- [What is being asked]: No pictures, nothing altered: return the data below.

*** Information provided ***

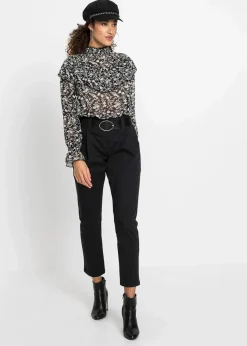 Bundfaltenhose aus Baumwolle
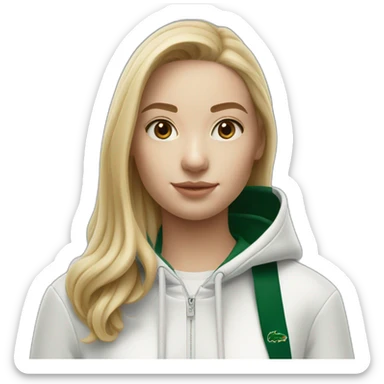 Lacoste bag girl with black lacoste hoodie sticker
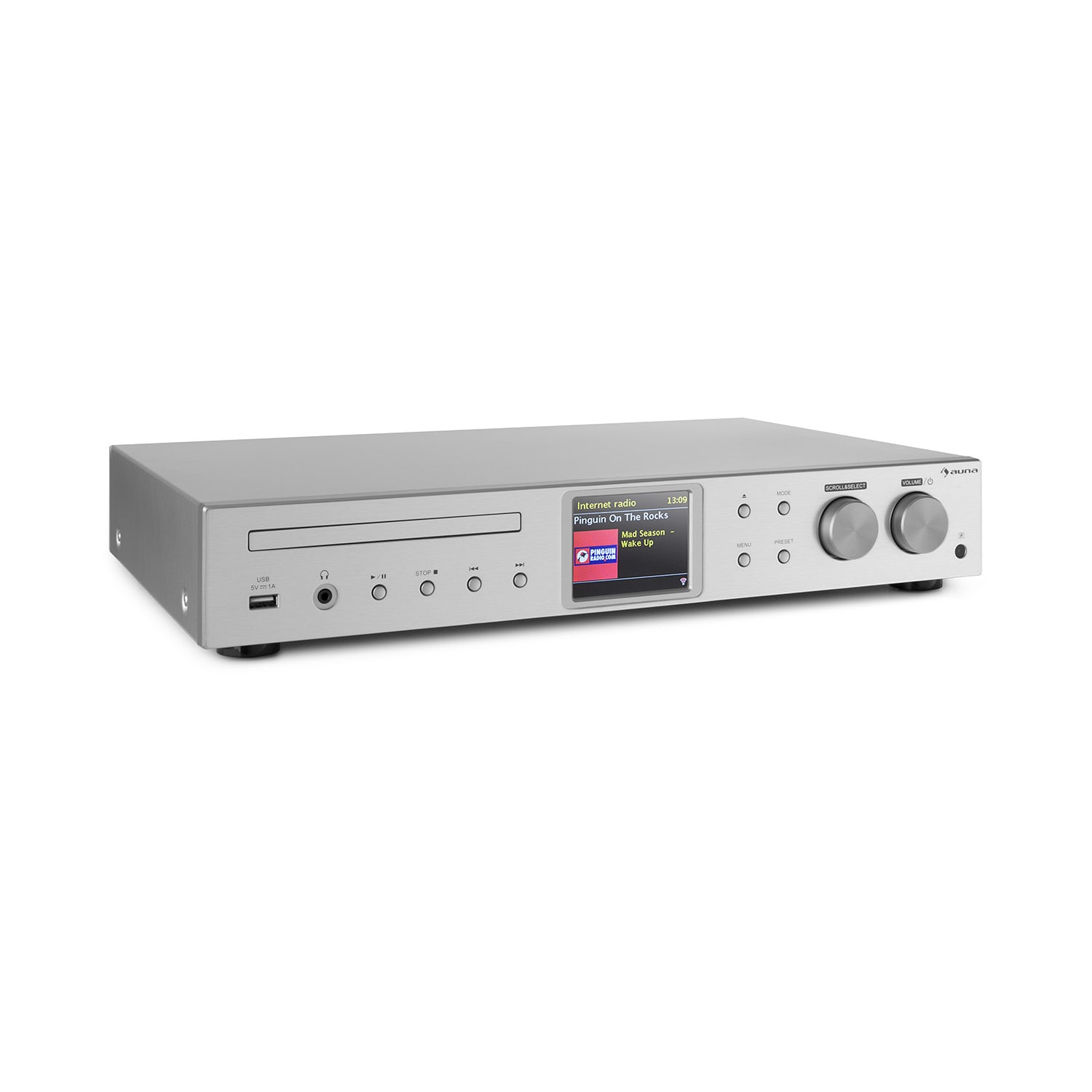 Auna iTuner CD, HiFi prijemnik, Internet/DAB+/ FM Radio CD-Player WiFi, srebrna boja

*** End of Information provided ***

- [Task response]:
 Bundfaltenhose aus Baumwolle
 Lacoste bag girl with black lacoste hoodie sticker
 Auna iTuner CD, HiFi prijemnik, Internet/DAB+/ FM Radio CD-Player WiFi, srebrna boja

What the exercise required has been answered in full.